## Required work
Find the line with "this 491×160 image." in the data below, then restate it and all remaining lines exactly, adding nothing.

## Input data

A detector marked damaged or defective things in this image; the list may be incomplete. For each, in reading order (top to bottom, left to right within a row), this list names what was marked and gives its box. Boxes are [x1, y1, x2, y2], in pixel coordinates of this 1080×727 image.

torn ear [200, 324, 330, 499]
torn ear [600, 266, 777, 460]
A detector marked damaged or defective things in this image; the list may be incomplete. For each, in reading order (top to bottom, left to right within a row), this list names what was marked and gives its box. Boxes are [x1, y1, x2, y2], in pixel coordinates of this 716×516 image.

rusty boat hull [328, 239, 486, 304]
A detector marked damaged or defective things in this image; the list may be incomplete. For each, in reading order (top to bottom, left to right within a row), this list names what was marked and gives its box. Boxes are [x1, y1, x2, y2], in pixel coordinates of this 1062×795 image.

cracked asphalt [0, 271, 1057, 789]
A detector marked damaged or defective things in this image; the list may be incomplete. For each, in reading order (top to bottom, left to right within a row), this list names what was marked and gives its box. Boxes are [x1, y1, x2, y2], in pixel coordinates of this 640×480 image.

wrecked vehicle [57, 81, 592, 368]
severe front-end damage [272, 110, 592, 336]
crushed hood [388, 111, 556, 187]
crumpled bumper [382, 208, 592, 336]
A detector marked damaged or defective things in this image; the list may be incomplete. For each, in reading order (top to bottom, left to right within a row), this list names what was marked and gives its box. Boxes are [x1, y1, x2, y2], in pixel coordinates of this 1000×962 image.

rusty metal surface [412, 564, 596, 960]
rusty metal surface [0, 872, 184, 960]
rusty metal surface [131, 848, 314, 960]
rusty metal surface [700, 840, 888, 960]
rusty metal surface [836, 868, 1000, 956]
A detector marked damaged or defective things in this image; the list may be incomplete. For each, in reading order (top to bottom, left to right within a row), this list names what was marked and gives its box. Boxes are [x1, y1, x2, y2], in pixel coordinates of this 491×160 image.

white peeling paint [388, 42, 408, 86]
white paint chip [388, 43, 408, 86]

## Result of this task
A detector marked damaged or defective things in this image; the list may be incomplete. For each, in reading order (top to bottom, left to right within a row), this list names what was marked and gives its box. Boxes are [x1, y1, x2, y2], in pixel coordinates of this 491×160 image.

white peeling paint [388, 42, 408, 86]
white paint chip [388, 43, 408, 86]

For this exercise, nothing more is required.